The Gate of Hell
We continue our tour of the Inferno, and today we reach the gate of Hell – Canto Three represents Dante’s last moments in the earthly realm before entering Hell – and contains the most famous lines of the entire Divine Comedy.
“Lasciate ogni speranza, voi ch’intratre” / “Abandon all hope, ye who enter here”
The first piece here, created by Cities and Memory, develops as a journey – first, we hear the birdsong of the dark forest as Dante and Virgil walk on. As they move through, voices begin to whisper the warning written on Hell’s Gate with increasing insistence, while a solo singing voice declares the presence of devils.
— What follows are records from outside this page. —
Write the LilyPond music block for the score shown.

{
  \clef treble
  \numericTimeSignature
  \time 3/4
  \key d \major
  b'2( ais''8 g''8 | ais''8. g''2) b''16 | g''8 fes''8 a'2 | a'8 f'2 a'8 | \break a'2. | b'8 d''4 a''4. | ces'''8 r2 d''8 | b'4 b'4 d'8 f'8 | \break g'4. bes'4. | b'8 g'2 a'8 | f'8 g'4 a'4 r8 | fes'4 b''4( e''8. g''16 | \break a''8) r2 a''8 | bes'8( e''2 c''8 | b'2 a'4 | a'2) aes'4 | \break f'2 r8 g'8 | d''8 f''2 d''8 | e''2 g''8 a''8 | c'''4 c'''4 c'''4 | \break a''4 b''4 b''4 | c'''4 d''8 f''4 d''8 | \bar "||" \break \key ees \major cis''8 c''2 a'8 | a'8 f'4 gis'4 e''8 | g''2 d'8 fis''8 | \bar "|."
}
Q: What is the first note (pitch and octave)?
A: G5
The birdsong fades away as we leave the forest, and the sounds of the natural world are replaced by an ominous drone belching forth from the entrance of Hell to warn away passers-by.
Wanting to avoid representing Hell through simple drones and sheets of noise, instead the entrance to Hell announces itself through building waves of arpeggiated Buchla and Jupiter lines, building the tension until Dante and Virgil leave behind the earthly realm – but on their divine mission, they will retain hope.
Our second piece from the Gate of Hell was created by Christopher Hill, who writes:
“It was the idea of the Hell Gate as a threshold, a psychic and spiritual borderland that determined my sonic strategies in representing the despair embodied in Dante’s motto, ‘Abandon all hope ye who enter here’. The listener, I imagined, would become a third party to Dante’s increasingly traumatic passage towards Hell itself.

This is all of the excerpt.